DEV Community

Compare documents similarity using Python | NLP

Rashid on September 16, 2019

This post cross-published with OnePublish In this post we are going to build a web application which will compare the similarity between two docum...

Read full post

R13TechNewbie • Dec 15 '19

Thanks for making the tutorial, coderasha. I currently following your tutorial, and I think I found some typo in this part :

tf_idf = gensim.models.TfidfModel(corpus)
for doc in tfidf[corpus]:
print([[mydict[id], np.around(freq, decimals=2)] for id, freq in doc])

probably the "mydict" variable is typo, so I changed to "dictionary" based on previous line declaration and the code works.

Please verify this, Thanks

Rashid • Dec 15 '19

Oh, I see. Yes, there is a typo in that part. Thank you for your attention :)

JEMQ • Apr 12 '20 • Edited

Really great tutorial, thanks!

Two points and a question-

should the second line of this -

tf_idf = gensim.models.TfidfModel(corpus)
for doc in tfidf[corpus]:
print([[dictionary[id], np.around(freq, decimals=2)] for id, freq in doc])

read -

for doc in tf_idf[corpus]:

2.
To avoid having percentages over 100 and also to calculate the correct average, I think you have to divide the second total by the number of documents in the query corpus.

i.e -

total_avg = ((np.sum(avg_sims, dtype=np.float)) / len(file2_docs))

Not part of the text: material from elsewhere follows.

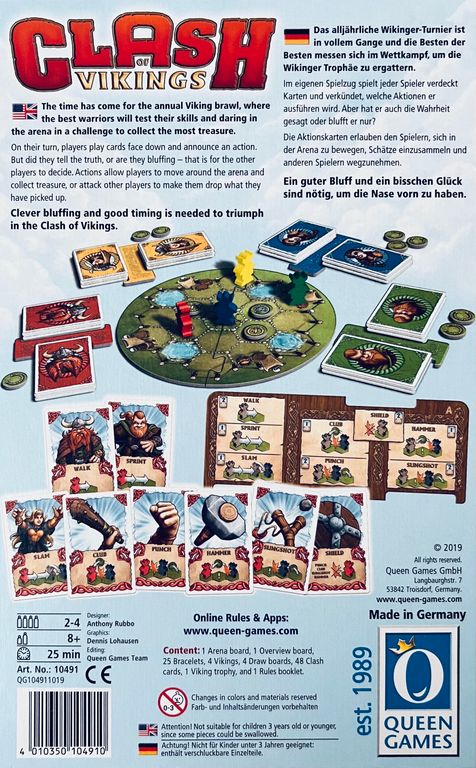 Clash of Vikings back of the box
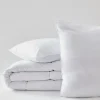 Blanreve Pack Couette Blanrêve 140 x 200 cm + oreiller 60 x 60 + oreiller 45 x 70 Gamme Microfibre "Douceur" traité Anti Acarien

Any thoughts on how you would compare a corpus to itself? I.e to see how unique each document is within the corpus?
I've tried a variety of corpora using your code and they all end up with the same similarity score...8% (Using the update % calc above)

Cheers,

Jamie

bingyuyiyang • Jul 3 '20

Thank you for making the tutorial. I have some questions for the code as follows.
1). do you why if I switch the query document (demofile2.txt) and demofile.txt, I can not get the same similarity of two documents?
2). If the document demofile.txt just contains one sentence: " Mars is the fourth planet in our solar system." , the print (doc) will empty. Do you know why? In other words, the TFIDF does not work, when corpus is single sentence for your code.

file_docs = []
with open ('~/demofile.txt') as f:
tokens = sent_tokenize(f.read())
for line in tokens:
file_docs.append(line)
print("Number of documents:",len(file_docs))
gen_docs = [[w.lower() for w in word_tokenize(text)]
for text in file_docs]
dictionary = gensim.corpora.Dictionary(gen_docs)
print(dictionary.token2id)
corpus = [dictionary.doc2bow(gen_doc) for gen_doc in gen_docs]
tf_idf = gensim.models.TfidfModel(corpus)
for doc in tf_idf[corpus]:
print(doc)
print([[dictionary[id], np.around(freq, decimals=2)] for id, freq in doc])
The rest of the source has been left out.